▶ _Available data_:
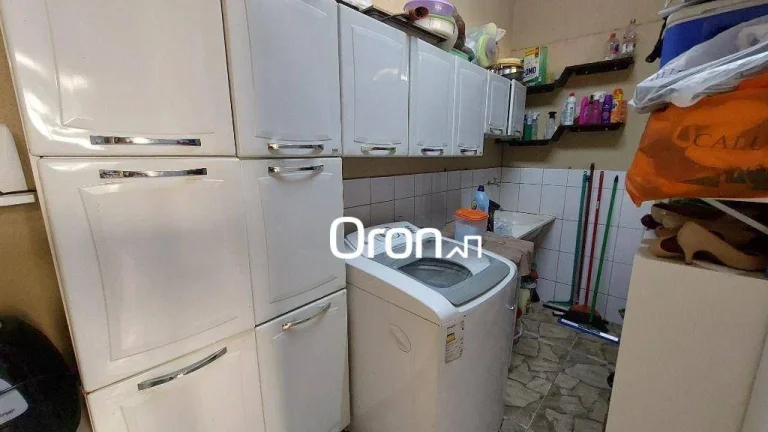 Imagem Sobrado com 3 dormitórios à venda, 145 m² por R$ 750.000,00 - Jardim Europa - Goiânia/GO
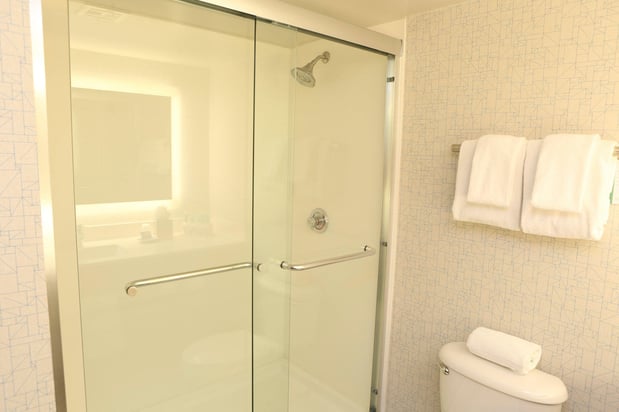 Images Holiday Inn Express & Suites Phoenix Airport by IHG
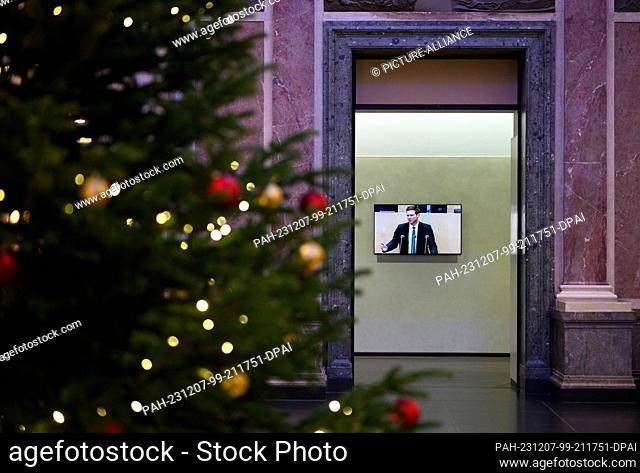 07 December 2023, Berlin: In the Bundesrat's Wandelhalle, which is normally packed during meetings but was empty today, the speech by Florian Toncar (FDP)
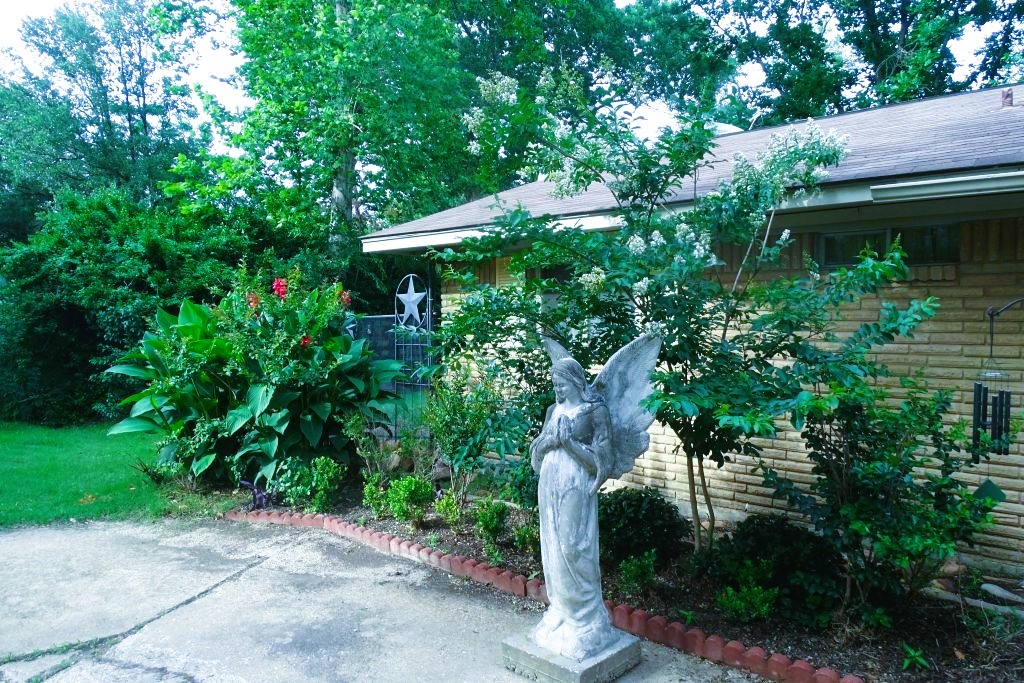 411 Brookwood Drive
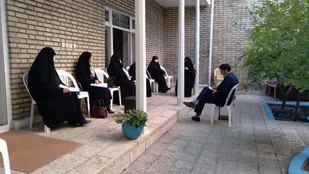 نشست صمیمی نماینده مردم زنجان وطارم در مجلس با بانوان طلبه استان زنجان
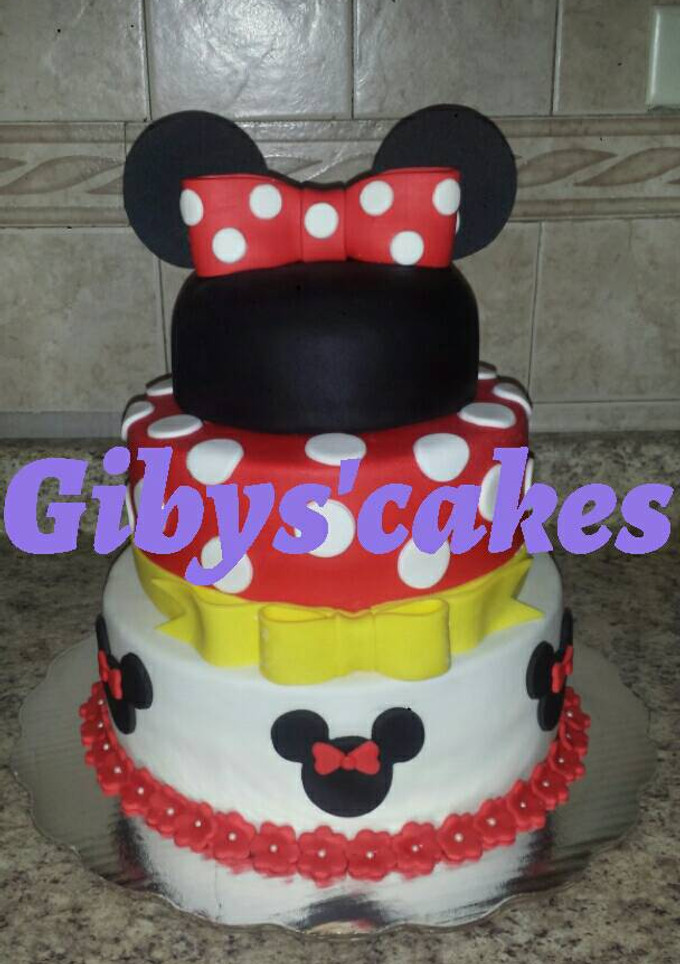 Una foto de Pastel en fondant minnie mouse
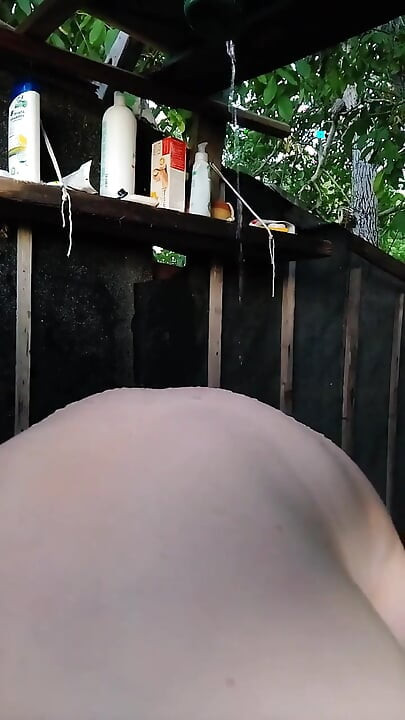 Sexy Tanya lavando ao ar livre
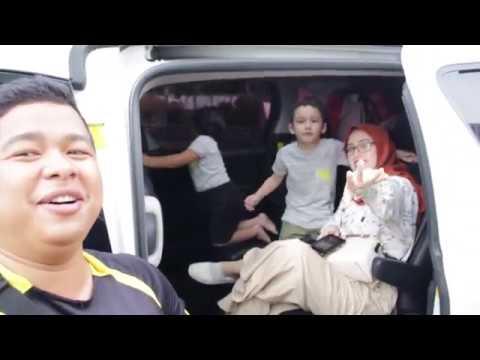 NGERI!!! KITA DAN ADELIA PASHA LONCAT BARENG!!!!!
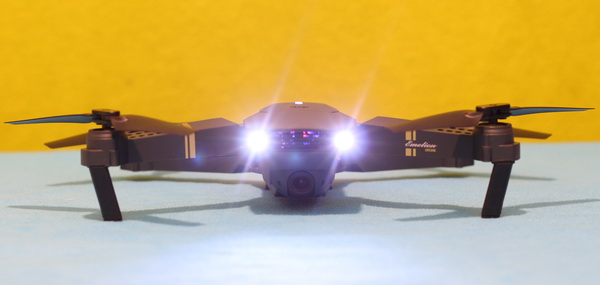 Best Starter Drone: Head LED lights for
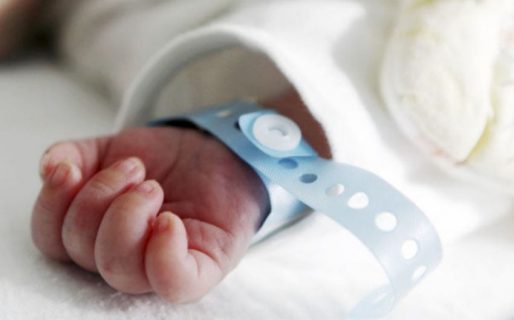 Un bebé de 21 días fue internado por ingerir cocaína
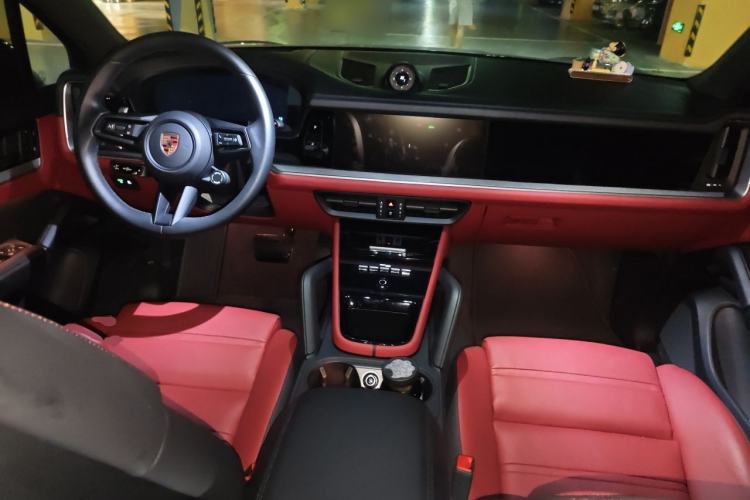 Used Porsche Cayenne 2025 Cayenne 3.0T Center Console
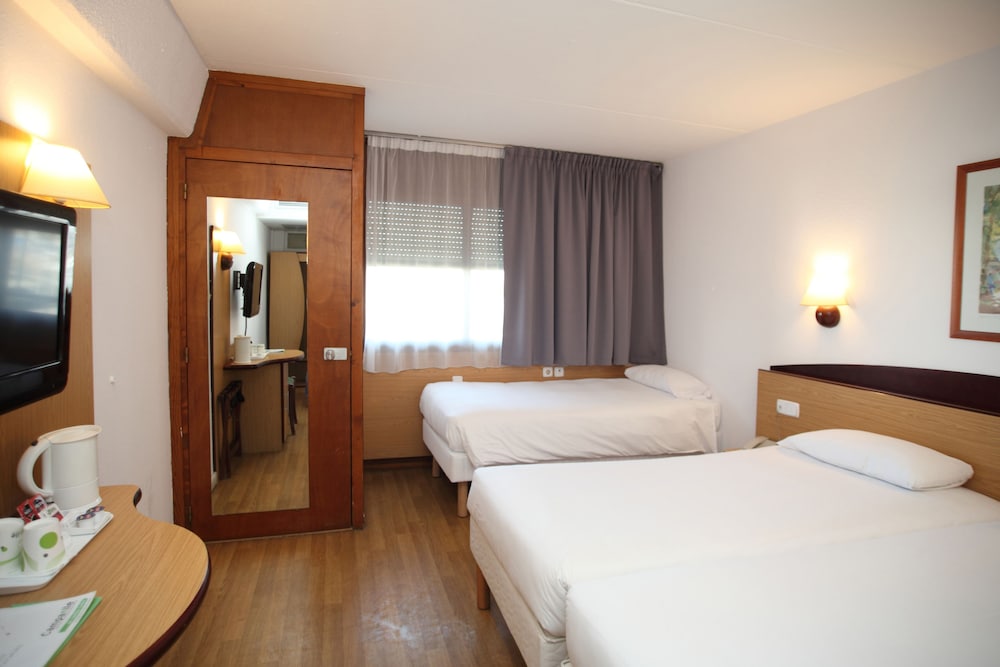 

Roma - Cerdanyola del Valles - Travelodge Barcelona del Vallès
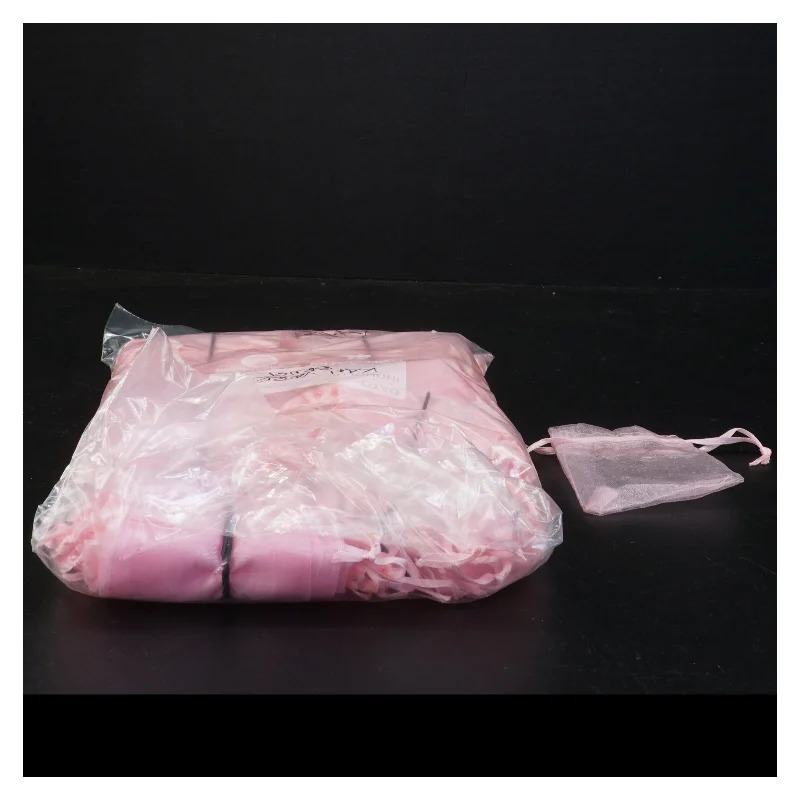 100 Små rosa smykkeposer eller risposer i chiffon (str. 8,5 x 6,5 cm)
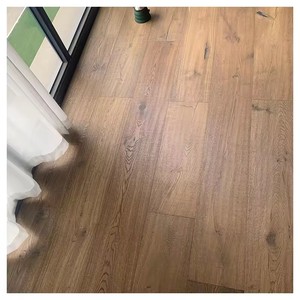 NUEVO Suelo de Madera Multicapa de Roble Blanco Grado AA, Económico y Rústico, Garantía de 5+ Años, Instalación con Sistema de Clic, Estilo Contemporáneo - Product Image 2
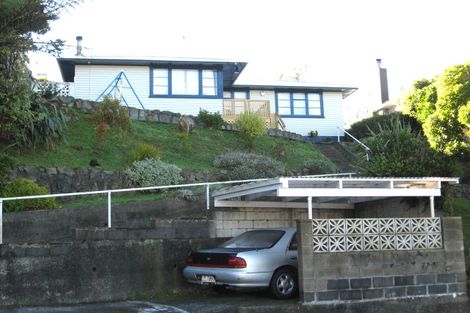 Photo of property in 61 Salford Street, Newlands, Wellington, 6037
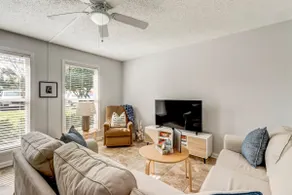 Sunny Daze - Hosted by Moore AI Rentals - Image 4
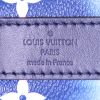 Bolsa de viaje Louis Vuitton Keepall Editions Limitées Escale en lona Monogram azul y blanca y cuero azul - Detail D4 thumbnail
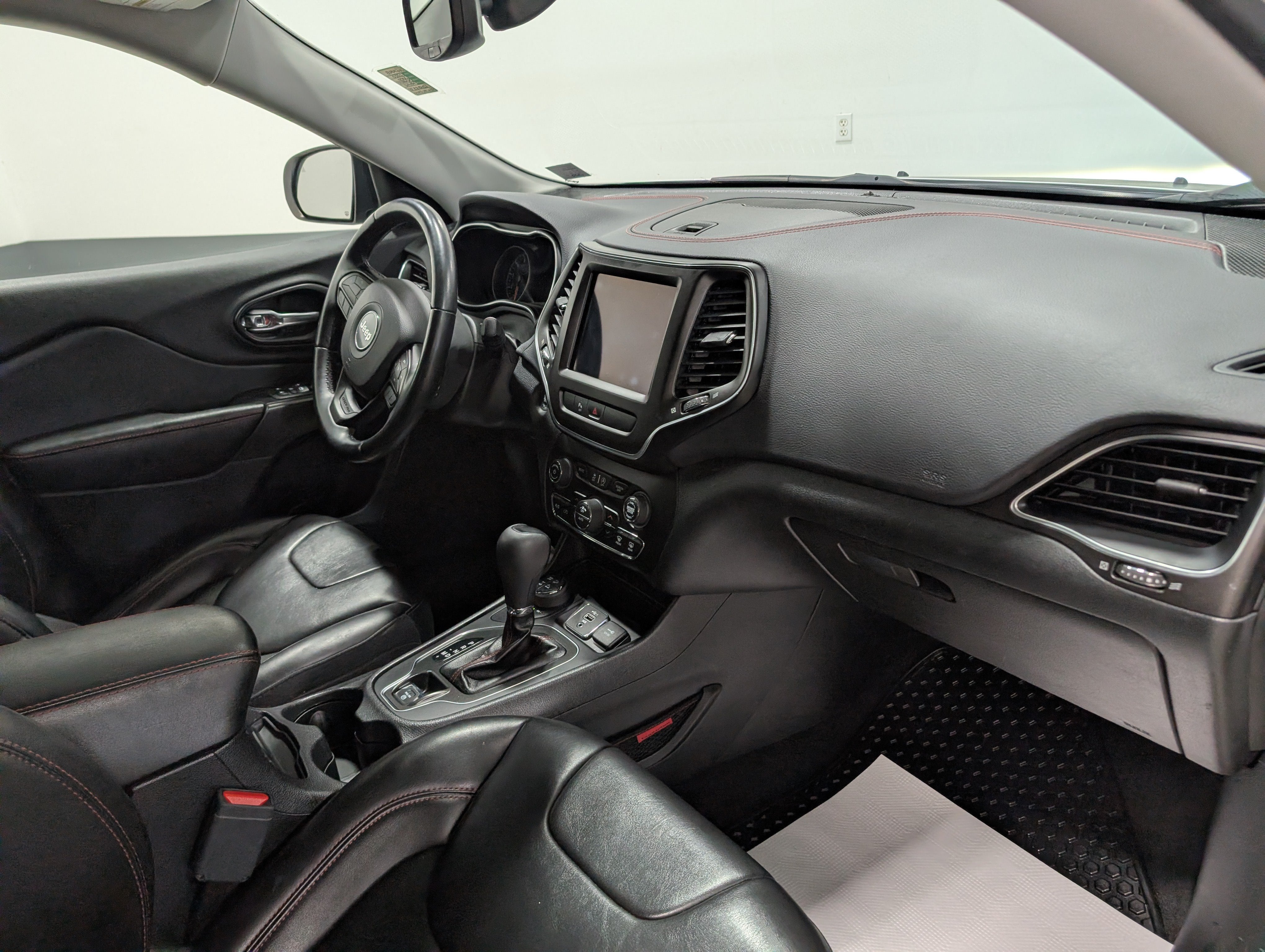 2020 Jeep Cherokee Trailhawk 4x4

▶ _Prompt_: Beginning with the line above that contains "Photo of property" and finishing with the line that contains "Bolsa de viaje", print those lines exactly and only. Skip all pictures.

▶ _Answer area_:
 Photo of property in 61 Salford Street, Newlands, Wellington, 6037
 Sunny Daze - Hosted by Moore AI Rentals - Image 4
 Bolsa de viaje Louis Vuitton Keepall Editions Limitées Escale en lona Monogram azul y blanca y cuero azul - Detail D4 thumbnail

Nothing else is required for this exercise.